Gen Grachev also said the Russian 14th Army would remain in Moldova as a 'peace-keeping force', denying that the unit was involved in the conflict on the side of the Russian minority. In a further assertion of Russia's interests, he said the naval base of Kaliningrad 'is and will remain Russian' and revealed that Russia would deploy 'independent army corps able to repel attacks' there.

In a speech, 'Russia's defence policy', at the Royal United Services Institute in London, Gen Grachev said: 'We are deeply convinced that we will witness a revival of a great Russia which will take its place in the list of great nations.' He said the leaders of the Baltic region 'see the presence of our troops as the presence of occupying forces, with which we disagree'. But there would be no withdrawal so long as the troops had nowhere else to go.

'We have no intention of withdrawing our troops and leaving them in an open field.' Moreover, 'Russia has some strategic interests in the Baltic region' and before a withdrawal there must be a reorganisation of air defence in what he twice referred to as the 'Pskov and Leningrad area' - ignoring the post-Communist change of name to St Petersburg.
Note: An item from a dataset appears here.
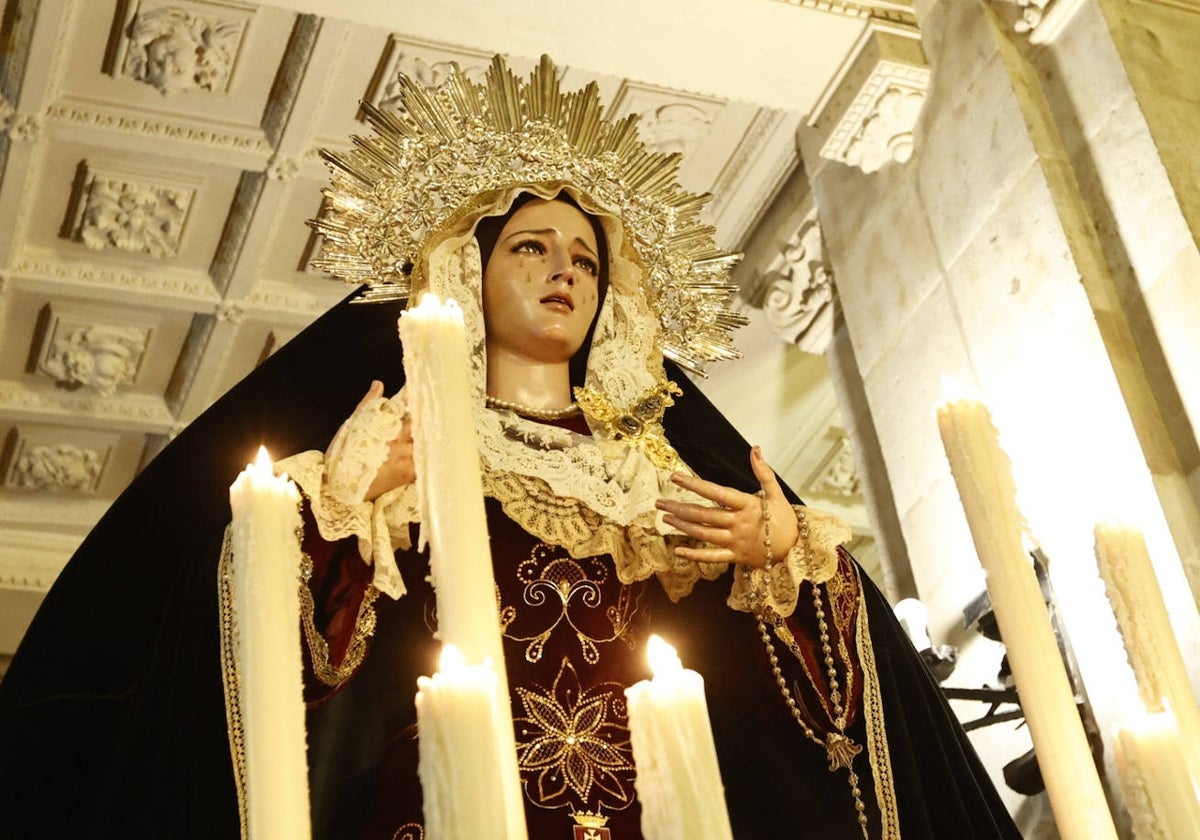 Imagen de la Virgen de la Caridad y el Consuelo de la Hermandad de Jesús Despojado.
When President Yeltsin said two weeks ago that Russian troops would withdraw by August 1993, he made no such pre-conditions.

Asked if there would not be a problem in having the 14th Army act as 'peace-keepers' in Moldova since they are widely held to be involved in the conflict on the side of the Dnestr secessionists - a quarter of the secessionists are Russians - the general said: 'I keep asking our own press, 'show me the commander who is issuing these orders'.' He said 40 per cent of the 14th Army originated from the Dnestr area, and 'as a result some servicemen have deserted and joined the Transdniestrians, and had arms and equipment with them'. These arms were impossible to retrieve, he said, 'because women and children lie down in front of the army's tanks disabling the recapturing of weapons. They would have to fire at those women and children and no commander, including me, could issue such an order.' Gen Grachev said Russian troops would also remain as 'peace-keepers' in Nagorny Karabakh and in the Georgia-South Ossetia conflict.

MOSCOW - Alexander Rutskoi, the Russian Vice-President, yesterday condemned the mutiny of a Black Sea fleet ship, accusing Ukraine of treating the issue like a child's game, Reuter reports. He suggested Ukraine had acted irresponsibly at a time when the two countries were engaged in delicate talks over a share-out of the fleet. 'This is military equipment. This is not a toy,' he added.